• _Exercise brief_: Every entry below needs to be printed again exactly, with its pictures left out.

• _Available data_:
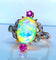 Bague 53 Bague en or jaune 18 carats à l’opale, diamants et rubis (vers 1900) 58 Facettes AB639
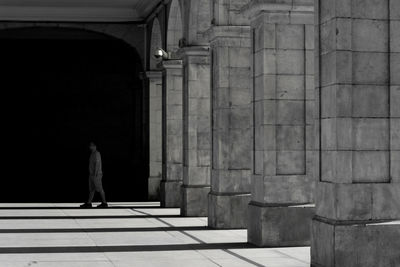 Full length of man walking on corridor by colonnade of historic building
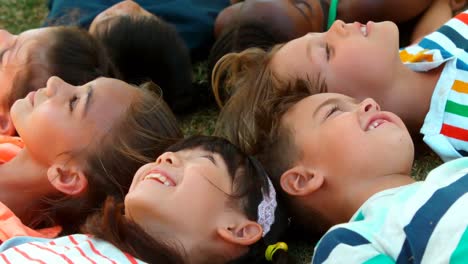 Close-up-of-schoolkids-lying-on-grass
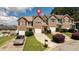 Inviting townhomes with brick and siding exteriors, complemented by lush greenery and a manicured lawn at 5485 Sierra Trl, Atlanta, GA 30349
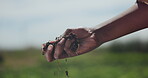 Hands, farmer and soil for agriculture, dirt and check quality of mud on earth ecology. Closeup, fingers and person with sand in nature, fertilizer and organic compost at field environment for growth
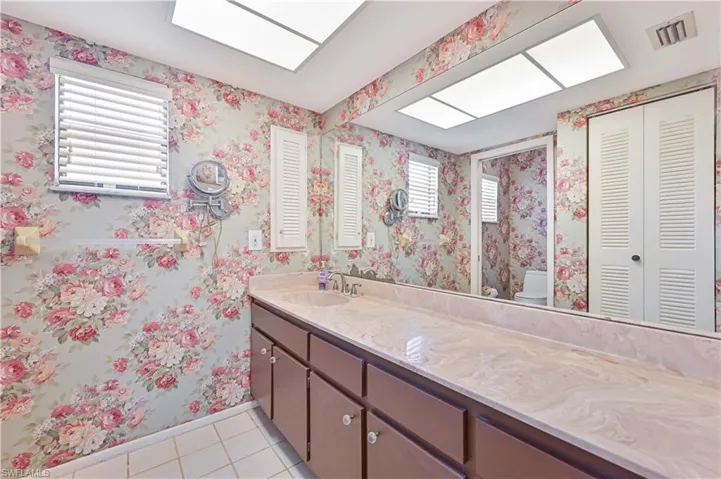 Bathroom featuring light tile patterned flooring, vanity, wallpapered walls, and a closet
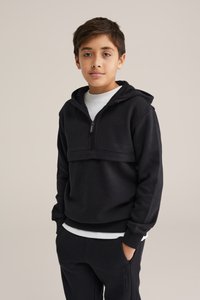 Svart zip-up hoodie med en texturerad nedre panel, bärs över en vit skjorta. Har en huva och framfickor, visas på en ung person.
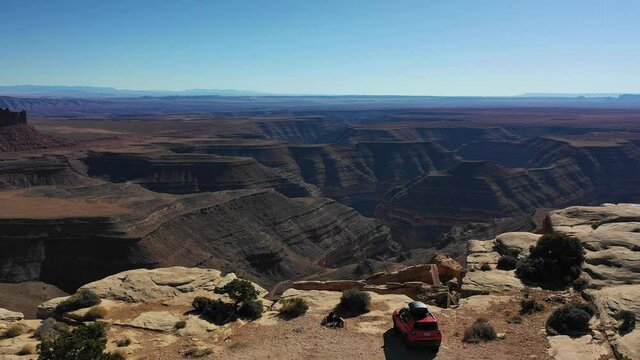 Aerial view of a car on a cliff of a Utah canyon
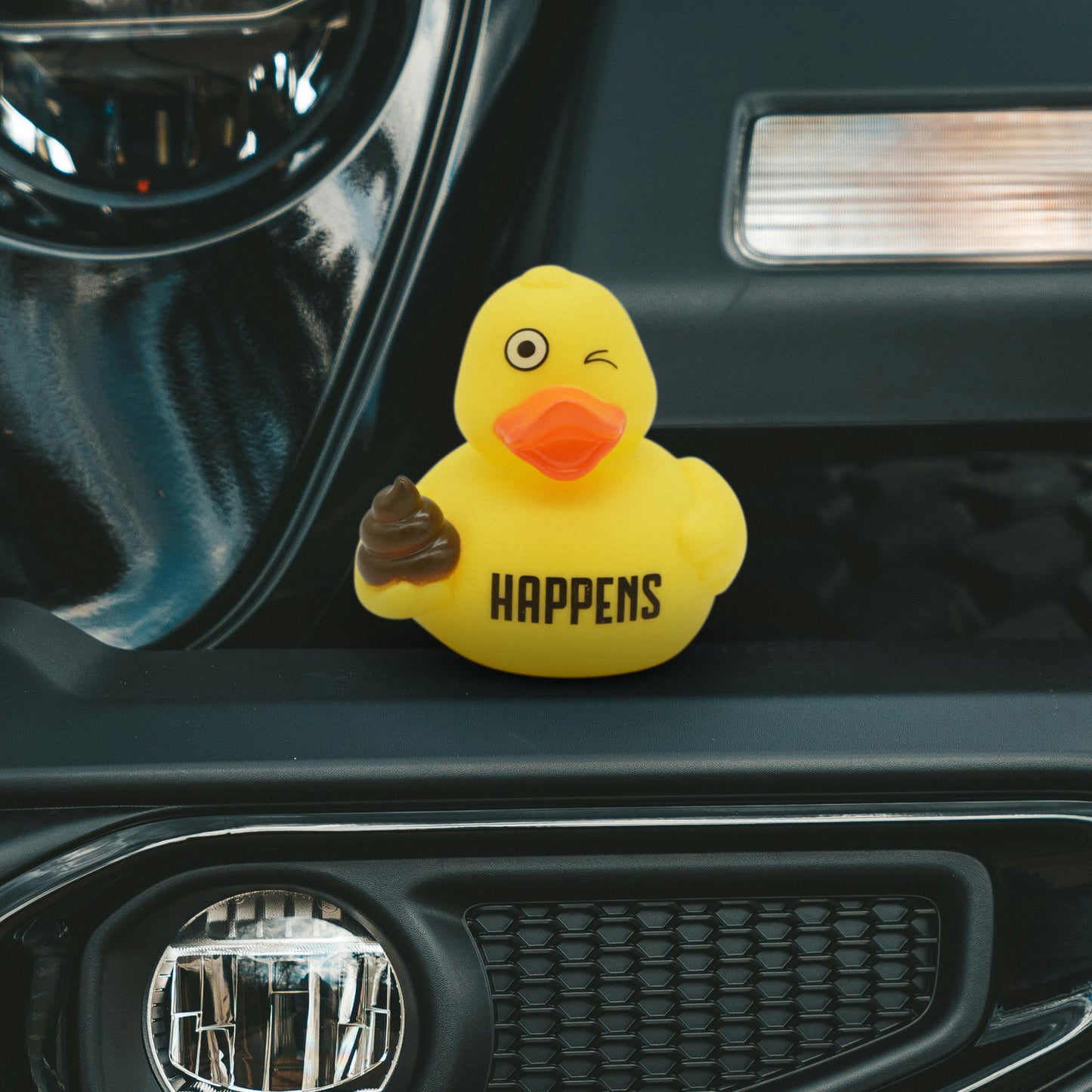 Yellow rubber duck holding a poop with 'HAPPENS' text written on it on a car dashboard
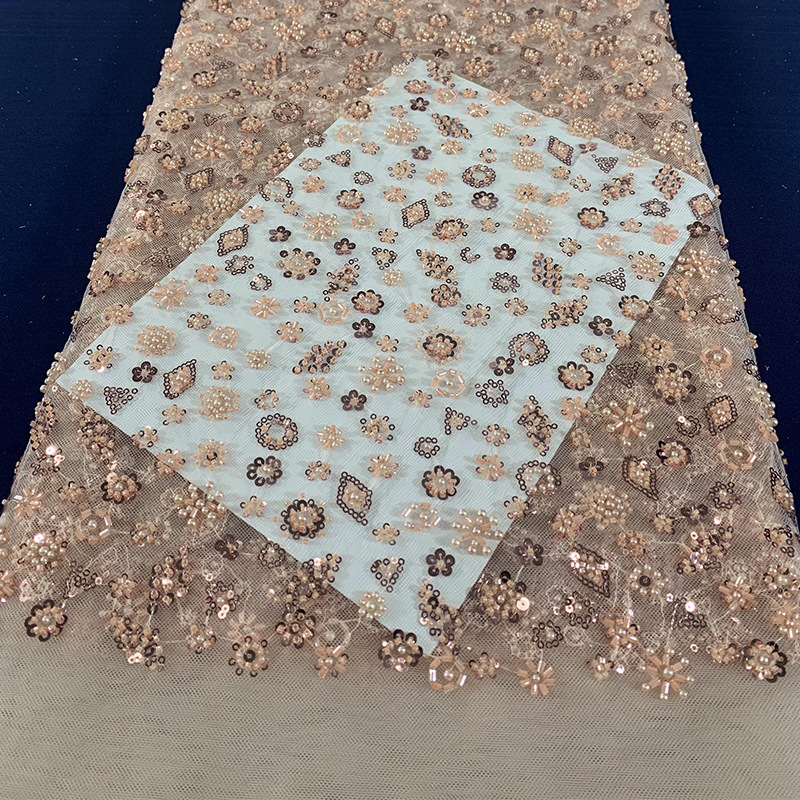 Tejido de bordado de tubo de perlas de lenteja tejido de bordado de malla láser tridimensional tejido de moda de vestido europeo y americano Gaoding
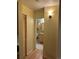Hallway leading to bathroom with tile floors and a storage closet at 5995 W Hampden Ave # 3E, Denver, CO 80227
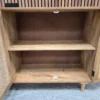 inside the cupboard space of the sideboard which includes and shelf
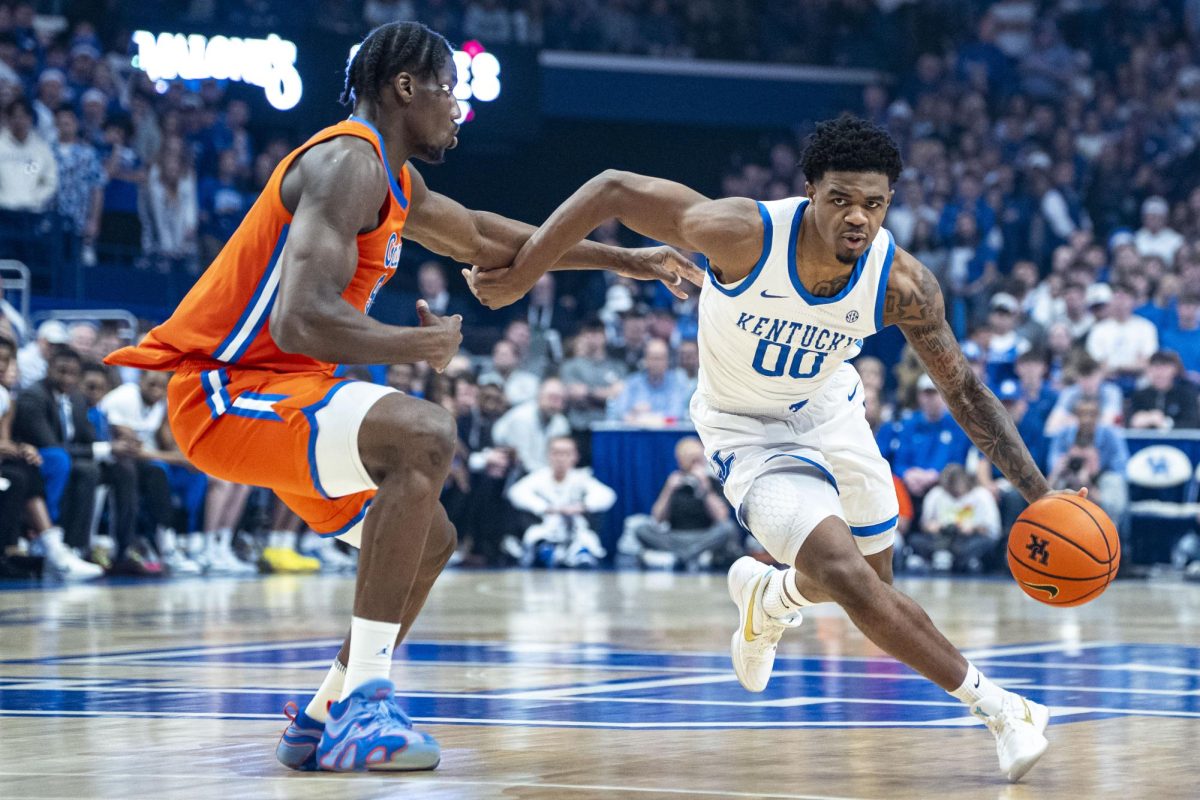 Kentucky guard Otega Oweh drives past Florida center Rueben Chinyelu during the men’s basketball game against Florida on Saturday, March 7, 2026, at Rupp Arena in Lexington, Ky. Photo by Will Luckett | Kentucky Kernel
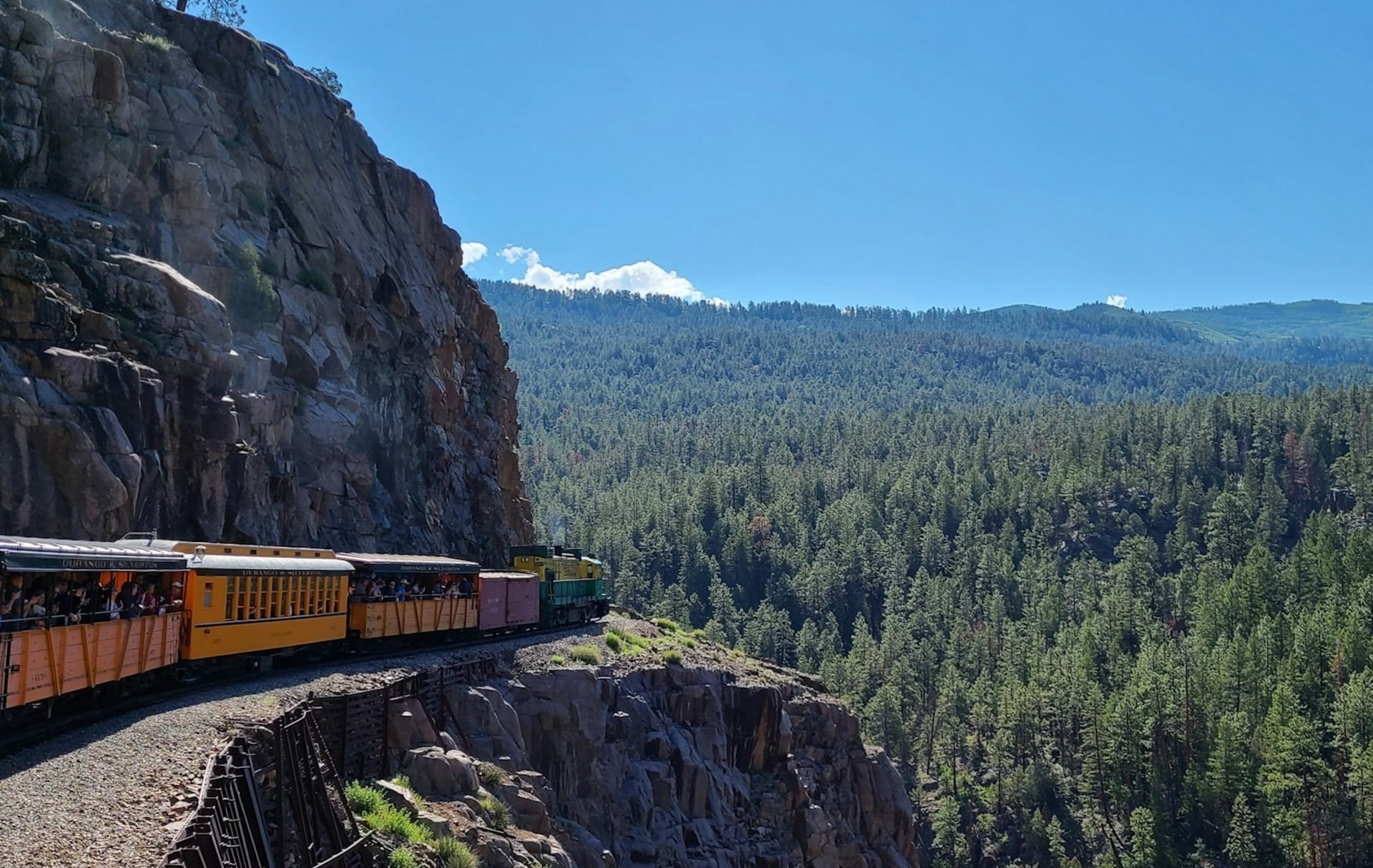 Durango & Silverton Narrow Gauge Railroad on the edge of rock mountains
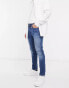 Tommy Jeans austin slim tapered jeans in mid wash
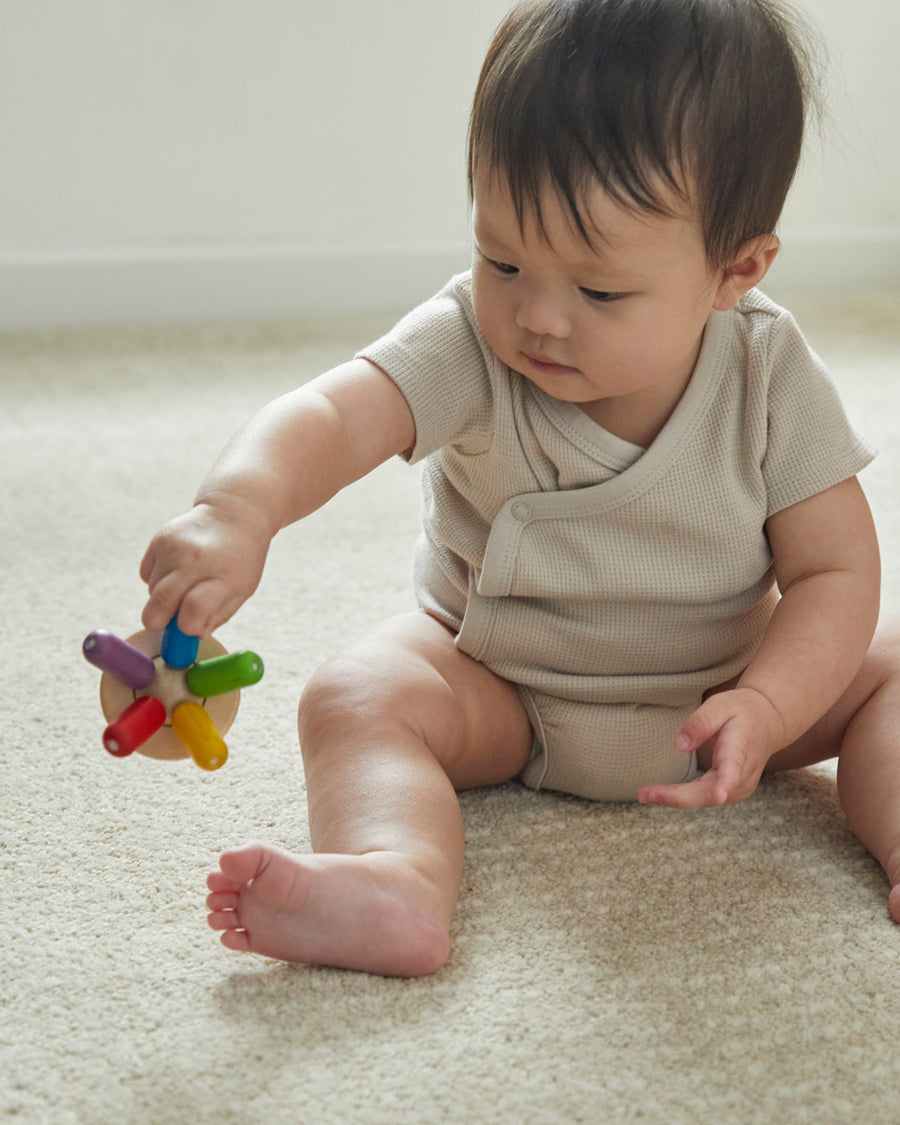 Close up of a toddler sat on the floor holding the PlanToys wooden flexi jellyfish baby toy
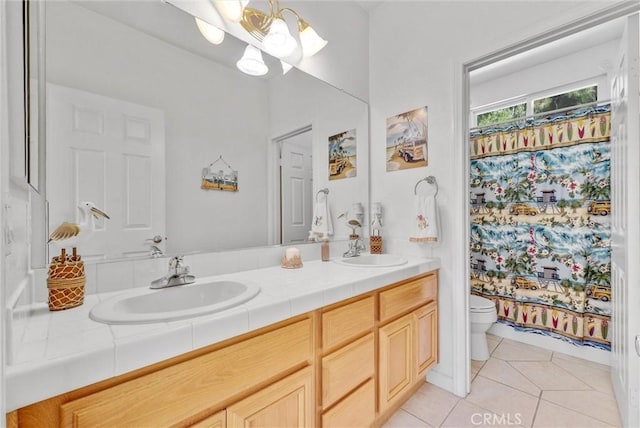 bathroom featuring tile patterned floors, vanity, toilet, and a shower with curtain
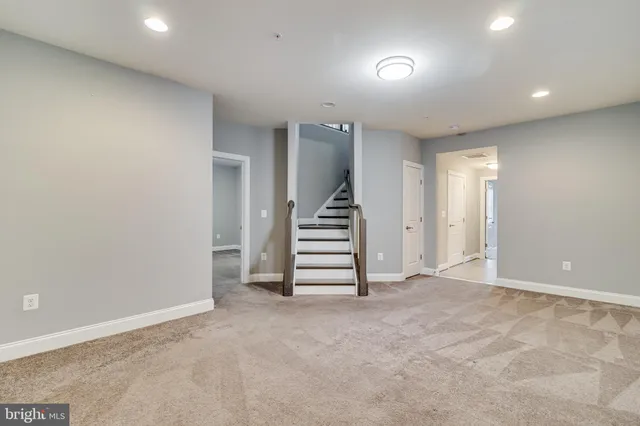 an empty room with a hallway and stairs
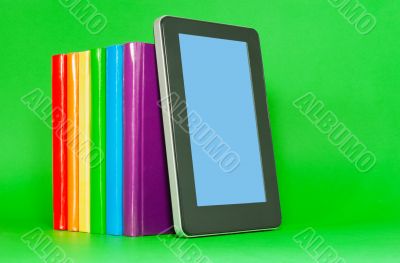 Row of colorful books and tablet PC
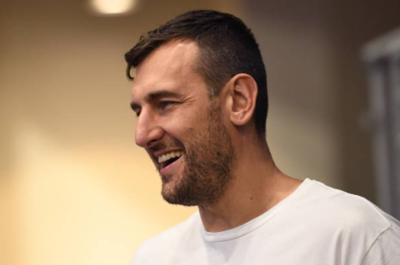 Andrew Bogut Slams Australian Open Crowd for Booing Novak Djokovic Amidst Injury Withdrawal and Personal Beliefs Controversy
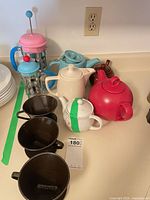 Group shot showing French press, several teapots, three brown mugs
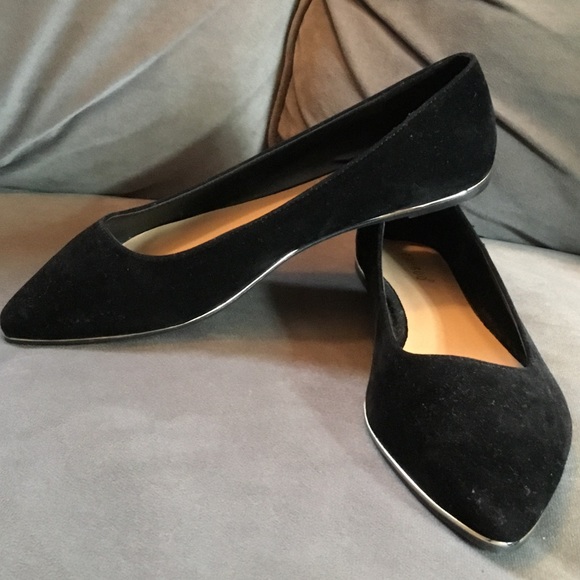 black flats with gold trim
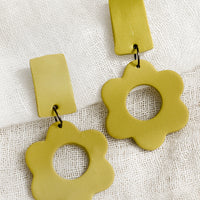 Split Pea: A pair of clay flower earrings with bar-shape post back in split pea.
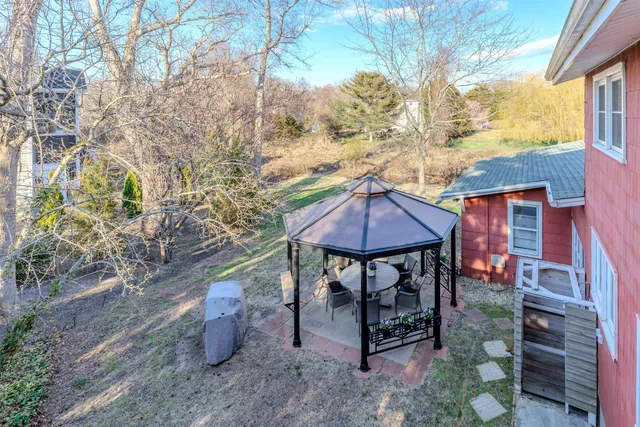 a view of a chairs and table in the backyard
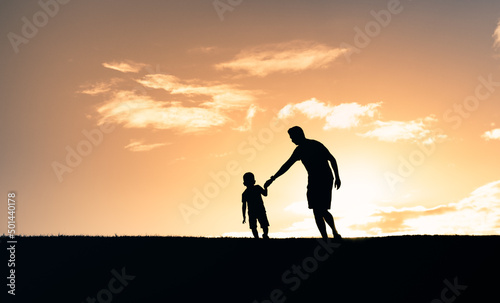 Father and son walking together in the sunset 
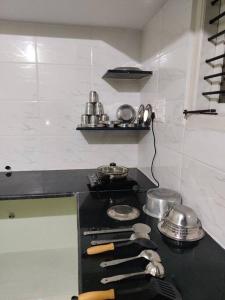 uma cozinha com fogão com panelas e frigideiras em The Home Mars call 8O882-37972 em Mysore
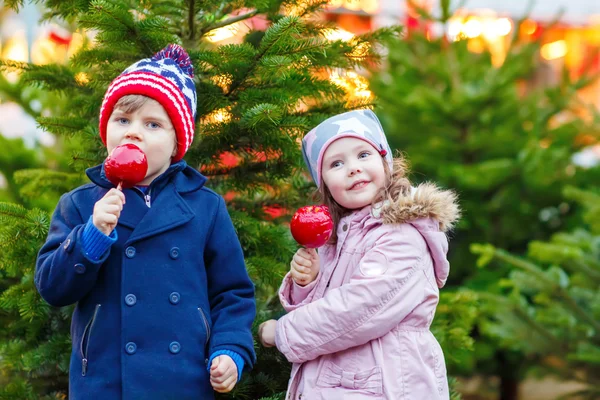 Двое маленьких детей едят сахарное яблоко на Рождественской ярмарке — стоковое фото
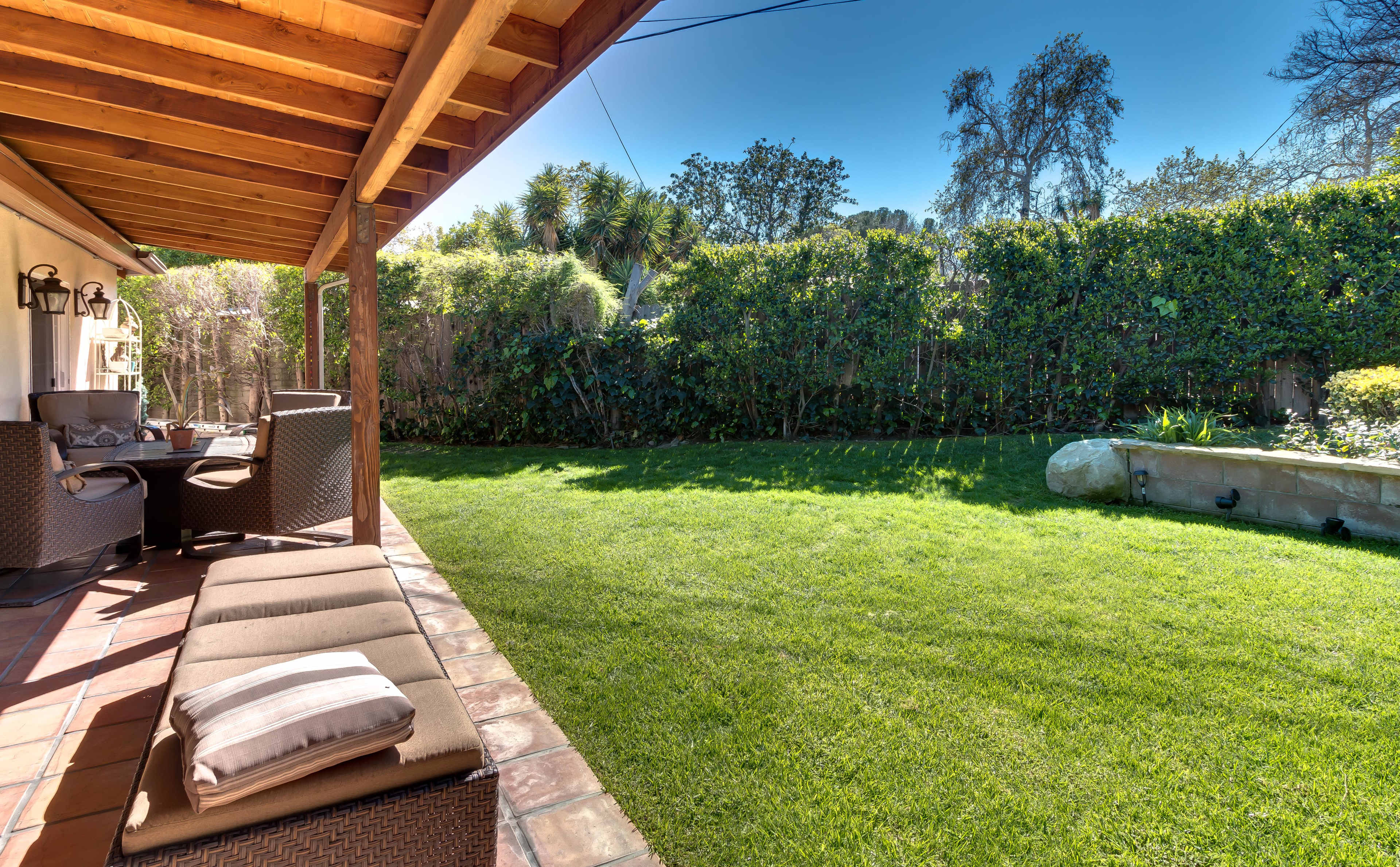 A well-maintained backyard features a grassy lawn, patio seating under a wooden overhang, and dense greenery in the background.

• _Your response_:
 Bague 53 Bague en or jaune 18 carats à l’opale, diamants et rubis (vers 1900) 58 Facettes AB639
 Full length of man walking on corridor by colonnade of historic building
 Close-up-of-schoolkids-lying-on-grass
 Inviting townhomes with brick and siding exteriors, complemented by lush greenery and a manicured lawn at 5485 Sierra Trl, Atlanta, GA 30349
 Hands, farmer and soil for agriculture, dirt and check quality of mud on earth ecology. Closeup, fingers and person with sand in nature, fertilizer and organic compost at field environment for growth
 Bathroom featuring light tile patterned flooring, vanity, wallpapered walls, and a closet
 Svart zip-up hoodie med en texturerad nedre panel, bärs över en vit skjorta. Har en huva och framfickor, visas på en ung person.
 Aerial view of a car on a cliff of a Utah canyon
 Yellow rubber duck holding a poop with 'HAPPENS' text written on it on a car dashboard
 Tejido de bordado de tubo de perlas de lenteja tejido de bordado de malla láser tridimensional tejido de moda de vestido europeo y americano Gaoding
Hallway leading to bathroom with tile floors and a storage closet at 5995 W Hampden Ave # 3E, Denver, CO 80227
 inside the cupboard space of the sideboard which includes and shelf
 Kentucky guard Otega Oweh drives past Florida center Rueben Chinyelu during the men’s basketball game against Florida on Saturday, March 7, 2026, at Rupp Arena in Lexington, Ky. Photo by Will Luckett | Kentucky Kernel
 Durango & Silverton Narrow Gauge Railroad on the edge of rock mountains
 Tommy Jeans austin slim tapered jeans in mid wash
 Close up of a toddler sat on the floor holding the PlanToys wooden flexi jellyfish baby toy
 bathroom featuring tile patterned floors, vanity, toilet, and a shower with curtain
 an empty room with a hallway and stairs
 Row of colorful books and tablet PC
 Andrew Bogut Slams Australian Open Crowd for Booing Novak Djokovic Amidst Injury Withdrawal and Personal Beliefs Controversy
 Group shot showing French press, several teapots, three brown mugs
 black flats with gold trim
 Split Pea: A pair of clay flower earrings with bar-shape post back in split pea.
 a view of a chairs and table in the backyard
 Father and son walking together in the sunset 
 uma cozinha com fogão com panelas e frigideiras em The Home Mars call 8O882-37972 em Mysore
 Двое маленьких детей едят сахарное яблоко на Рождественской ярмарке — стоковое фото
 A well-maintained backyard features a grassy lawn, patio seating under a wooden overhang, and dense greenery in the background.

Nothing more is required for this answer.